Pakistan gave national ID card to slain Mullah Mansour: Interior Minister

Khan, however, blamed the past government of overtly issuing ID cards and passports to foreigners.

Update: 2016-12-30 14:42 GMT
Slain Afghan Taliban supreme Mullah Mansour.

Islamabad: Slain Afghan Taliban supreme Mullah Mansour, who was killed in a US drone strike inside Pakistan, was issued a Pakistani national identity card in 2005, Interior Minister Chaurdhy Nisar admitted on Friday.

Khan, however, blamed the past government of overtly issuing ID cards and passports to foreigners.

The minister said the incumbent government paid enough attention to the issue of fake CNICs and passports, adding that it was not only difficult, rather it is impossible to work honestly in the country.

Mansour was issued a Pakistani computerised national identity card in 2005, Geo News quoted Khan as saying.

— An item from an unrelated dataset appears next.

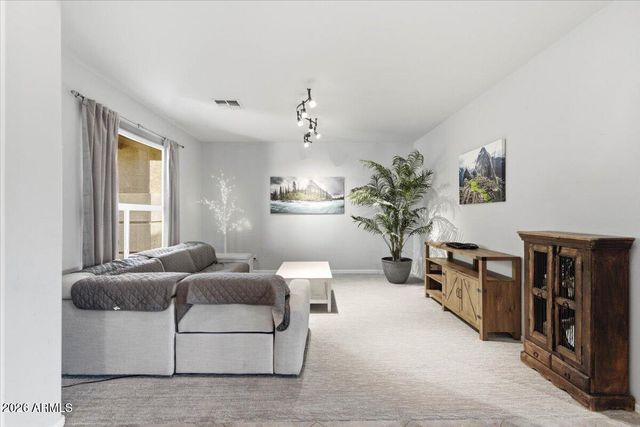 120 W SOUTHERN HILLS Road, Phoenix, AZ 85023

Mansour and another male combatant were targeted on May 21 by multiple unmanned aircraft operated by US Special Operations forces as the duo rode in a vehicle in a remote area near the town of Ahmad Wal in Pakistan's restive Baluchistan province close to the Afghan border.

Mansour had assumed the leadership of Taliban in July 2015, replacing Taliban founder and the one-eyed reclusive long-time spiritual head Mullah Mohammad Omar in Pakistan in 2013.

Khan said, "The government cancelled 32,400 passports and blocked 22,3000 CNICs during last three years. It also verified 101 million CNICs across the country." he said.

"The past government merely cancelled 500 passports. Besides this, around 95 million unregistered mobile SIM cards were blocked in just 90 days," he added.

Chaudhry Nisar said the former governments issued passports and CNICs to foreigners, which were used in human trafficking. He, however, said an 18-member committee is being formed to review wrongly blocked CNICs.

He said the ones involved in facilitating issuance of fake CNICs and passports will be taken to task in another phase.